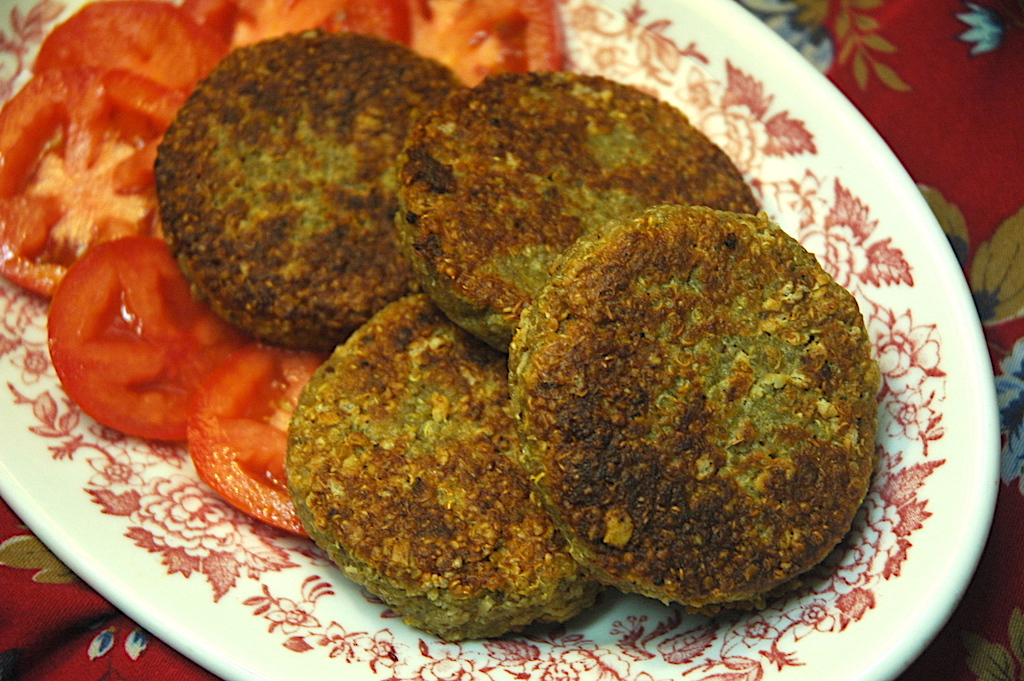 Quinoa Breakfast Sausage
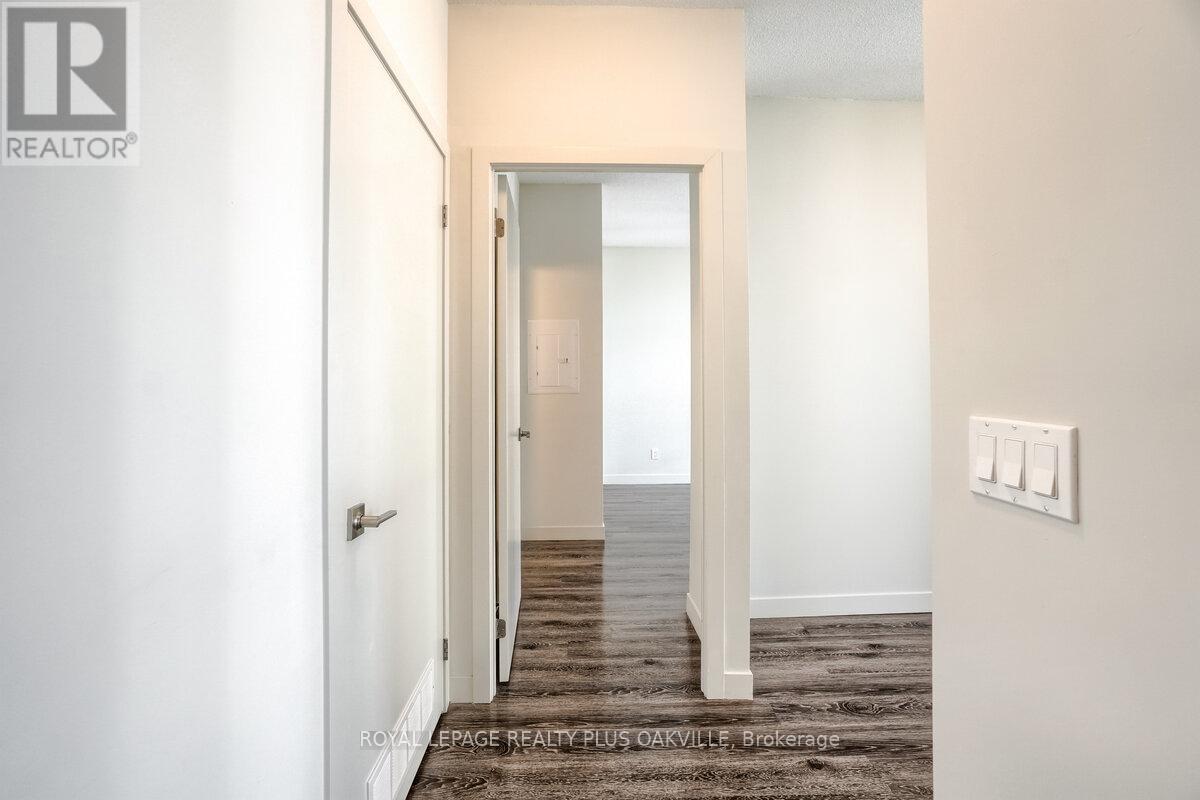 1701 - 2087 Fairview Street, Burlington, Ontario  L7R 2C8 - Photo 18 - W13018730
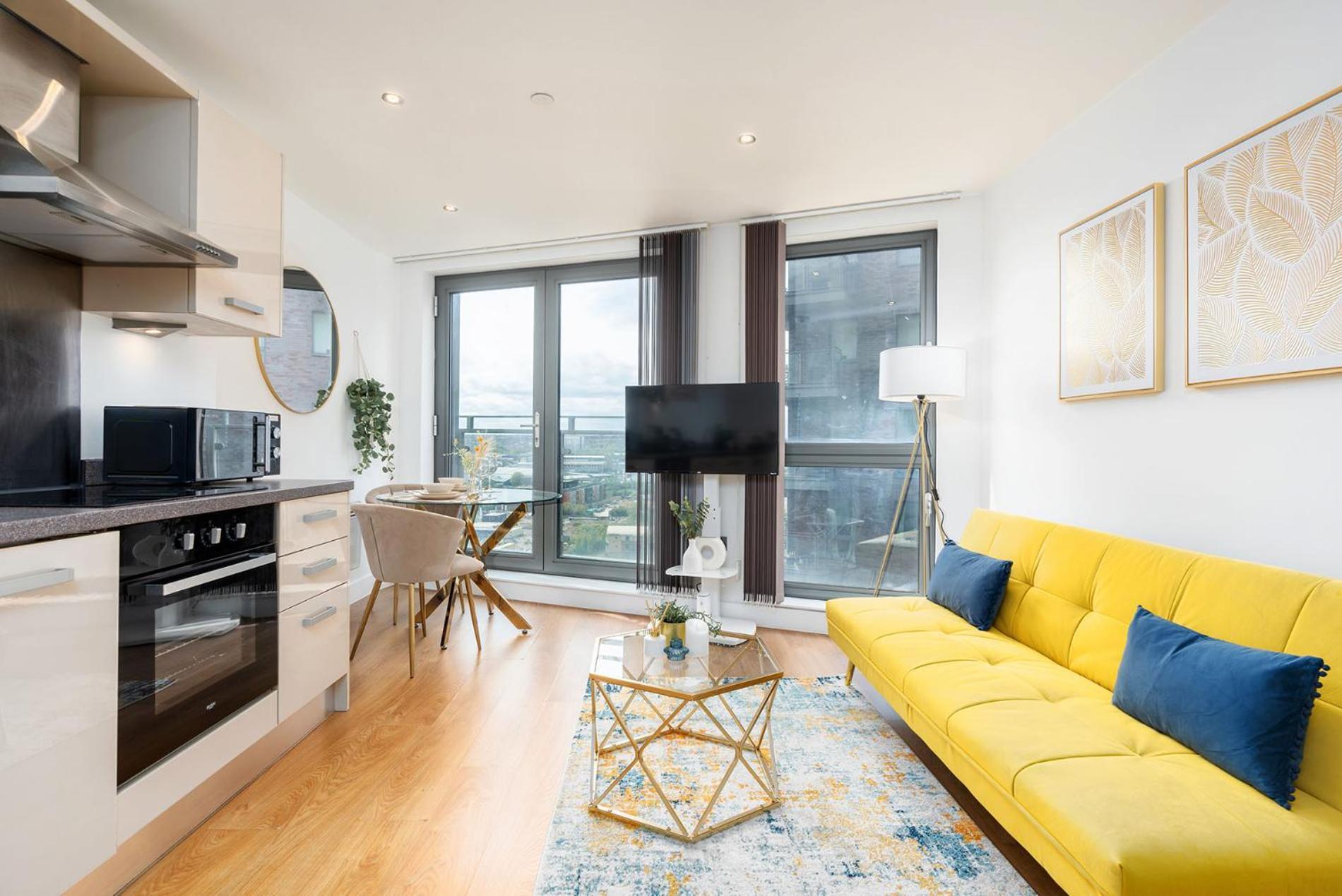 Exclusive Apartment - City Centre - Free Parking -Wifi Netflix- Juliet Balcony Лидс Экстерьер фото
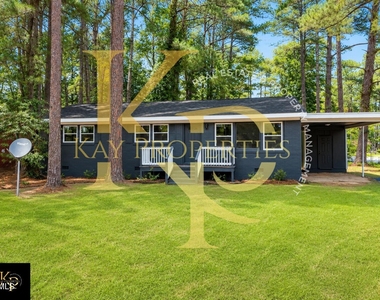 1828 Windsor Drive - Photo Thumbnail 1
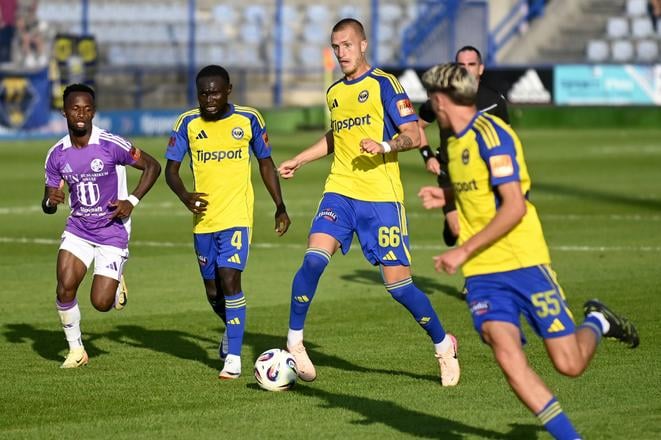 Zľava Christian Emmanuel (Komárno) a Abdul Zubairu , Martin Bednár a Artúr Musák (všetci Michalovce) v zápase 2. kola futbalovej Niké ligy MFK Zemplín Michalovce - KFC Komárno.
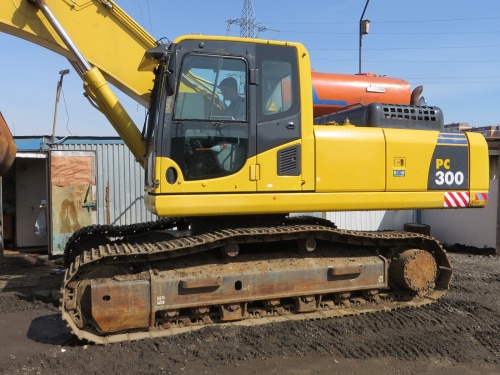 Гусеничный экскаватор KOMATSU PC300 2012 г/в купить в компании Рабочие Машины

....

**WHAT THE TASK ASKS**
Would you print all of the entries exactly, omitting any image?

**YOUR RESPONSE**
 Quinoa Breakfast Sausage
 1701 - 2087 Fairview Street, Burlington, Ontario  L7R 2C8 - Photo 18 - W13018730
 Exclusive Apartment - City Centre - Free Parking -Wifi Netflix- Juliet Balcony Лидс Экстерьер фото
 1828 Windsor Drive - Photo Thumbnail 1
 Zľava Christian Emmanuel (Komárno) a Abdul Zubairu , Martin Bednár a Artúr Musák (všetci Michalovce) v zápase 2. kola futbalovej Niké ligy MFK Zemplín Michalovce - KFC Komárno.
 Гусеничный экскаватор KOMATSU PC300 2012 г/в купить в компании Рабочие Машины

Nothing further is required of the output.